The Utah Jazz and the great Midwest Division race continues tonight when the Jazz, fresh from their 97-91 come-from-behind win over the Dallas Mavericks last night in the Salt Palace, try to forge a major breakthrough in Los Angeles against the Lakers.

The race has come down to one of attrition now, and of not breaking serve. San Antonio, Houston and Utah all could wind upon top, depending on the final week and the final half-dozen games. The trick is not losing when you're not supposed to, which is what the Jazz almost did last night.

Curiously, though, the Jazz come into tonight's game - one they're not expected to win - looking considerably more menacing than they did before last night's close call with the Mavericks. While it's true that the 50-26 Jazz were almost guilty of losing to a lottery-bound team with an exact opposite 26-50 record, it's also true they looked terrific when they had to.

In the game's final four minutes, when everyone from Houston to San Antonio to Salt Lake City knew these baskets really meant something, the Jazz did something that people dream about: They didn't miss.

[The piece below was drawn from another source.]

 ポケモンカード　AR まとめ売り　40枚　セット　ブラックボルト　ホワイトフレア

Ask Dallas what crunch time meant. After having their way through virtually the entire game, the Mavs saw Thurl Bailey take a feed from Mark Eaton with 3:39 to play and dunk the ball home with the authority of someone on a crusade. With that slam, the Jazz had somehow dug themselves out of a 19-point hole and had an 85-84 lead.A lot of times, of course, that will be the end of such leads, given the energy required to do just one chin-up over the comeback bar.

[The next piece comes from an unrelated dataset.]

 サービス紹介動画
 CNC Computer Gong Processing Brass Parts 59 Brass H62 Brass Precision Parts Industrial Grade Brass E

But even though the game Mavericks - they may be skidding into a lottery pick, but they're skidding with a certain amount of pride - kept coming down the floor and making shots after that, so did the Jazz. And the Jazz didn't miss.

Karl Malone followed Bailey's dunk with two free throws. Then came a pair of free throws from John Stockton. Then came a Jeff Malone 12-foot baseline jump shot. Then two more Karl Malone free throws, and another two from Jeff Malone.

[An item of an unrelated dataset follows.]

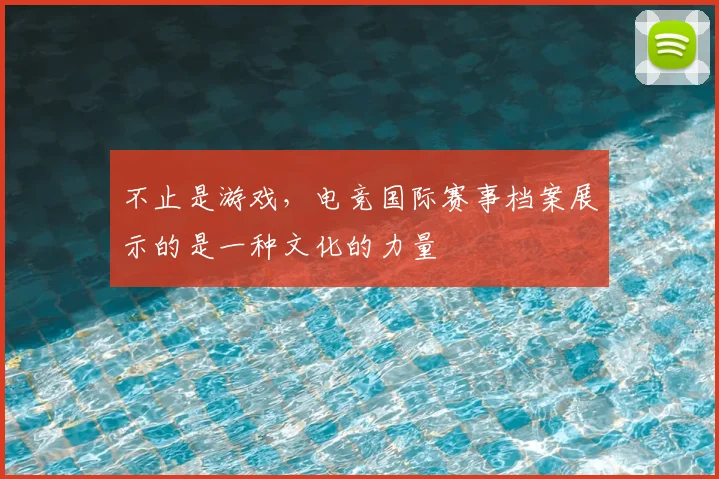 不止是游戏，电竞国际赛事档案展示的是一种文化的力量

Perfect. The Jazz walked away with a 97-91 win.

"Everybody stepped forward and did his job," said Karl Malone. "That's what we get paid for. That's what we're supposed to do."

Still, their timing was flawless, and also a good deal inspiring.

"If we can take this into Los Angeles (tonight)," said Jeff Malone, "then we'll be passing a real test."

Curiously, the Jazz sounded their alarm clock against Dallas on their own timetable, and not when it seemed obvious. With 2:55 remaining in the third quarter, the public address announcer announced that Portland had just beaten San Antonio in San Antonio - a significant break for the Jazz, who started the night two games behind the Spurs.

It seemed the appropriate time for the Jazz to take charge, particularly since Dallas held a precarious 65-61 lead at the time, and had been outscored by the Jazz 20-5 in the preceding eight minutes.

But the announcement gave Dallas new life, instead of the Jazz, and by the quarter's end the Mavericks' lead was up to seven, 72-65.

Only as the fourth quarter wound down did it become obvious that the Jazz were aware of the gift that had been sent north from San Antonio, and of their opportunity to capitalize on it in Salt Lake.

So they did everything but miss until the buzzer, and now they take their 50-26 mark into L.A. tonight Meanwhile, on the other race fronts, Houston takes its 49-26 record to Golden State tonight, and the 51-25 Spurs prepare for a game tomorrow night at Seattle.

With just two road games - at the Lakers and at Golden State - mixed in with four games at home, the Jazz have the most favorable schedule down the stretch. Houston has five games away and two at home, while San Antonio has four away and two at home. Moreover, the Jazz's lineup of Lakers-Denver-Sacramento-Seattle-Lakers-Golden State is an easier agenda than either San Antonio or the Rockets.

The Spurs' line goes Seattle-Phoenix-Clippers-Houston-Denver-Dallas while Houston's is Golden State-Sacramento-Seattle-Portland-Spurs-Dallas-Denver.

You've got to like the Jazz's chances in light of all that, and especially in light of their penchant last night for turning into perfectionists at the most dramatic stage of the game. If the Jazz do go on a late-season roll that ends at the top of the Midwest Division, it could turn out that the beginning came at the end against the Mavs.